Purpose: To compare the effect of a 20-minute nap opportunity (N20), a moderate dose of caffeine (CAF; 5 mg·kg-1), or a moderate dose of caffeine before N20 (CAF+N) as possible countermeasures to the decreased performance and the partial sleep deprivation-induced muscle damage.
Methods: Nine male, highly trained judokas were randomly assigned to either baseline normal sleep night, placebo, N20, CAF, or CAF+N. Test sessions included the running-based anaerobic sprint test, from which the maximum (Pmax), mean (Pmean), and minimum (Pmin) powers were calculated. Biomarkers of muscle, hepatic, and cardiac damage and of enzymatic and nonenzymatic antioxidants were measured at rest and after the exercise.
Results: N20 increased Pmax compared with placebo (P < .01, d = 0.75). CAF+N increased Pmax (P < .001, d = 1.5; d = 0.94), Pmin (P < .001, d = 2.79; d = 2.6), and Pmean (P < .001, d = 1.93; d = 1.79) compared with placebo and CAF, respectively. Postexercise creatine kinase increased whenever caffeine was added, that is, after CAF (P < .001, d = 1.19) and CAF+N (P < .001, d = 1.36).

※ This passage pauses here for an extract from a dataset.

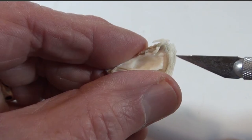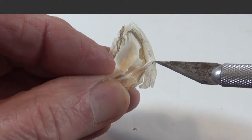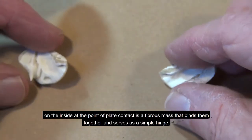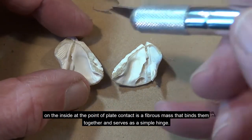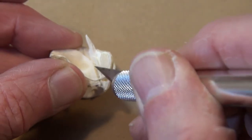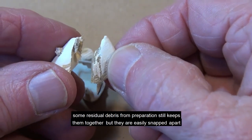Here are the same pairs viewed from the outside. In this view of our liberated opercular plate pair, we can see the membrane has survived specimen preparation and remains flexible, if not stretchable. The next step in reducing cariosis to its individual plates is separating turga from scuta in each pair. On the inside, at the point of plate contact, is a fibrous mass that binds them together and serves as a simple hinge. Cutting this hinge frees them. Some residual debris from preparation still keeps them together, but they are easily snapped apart.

Postexercise uric acid increased whenever participants napped, that is, after N20 (P < .001, d = 2.19) and CAF+N (P < .001, d = 2.50) and decreased after CAF (P < .001, d = 2.96).
Conclusion: Napping improved repeated-sprint performance and antioxidant defense after partial sleep deprivation. Contrarily, caffeine increased muscle damage without improving performance. For sleep-deprived athletes, caffeine before a short nap opportunity would be more beneficial for repeated sprint performance than each treatment alone.
Keywords: RSA; antioxidant status; daytime sleep; inflammation; psychostimulant; sleep restriction.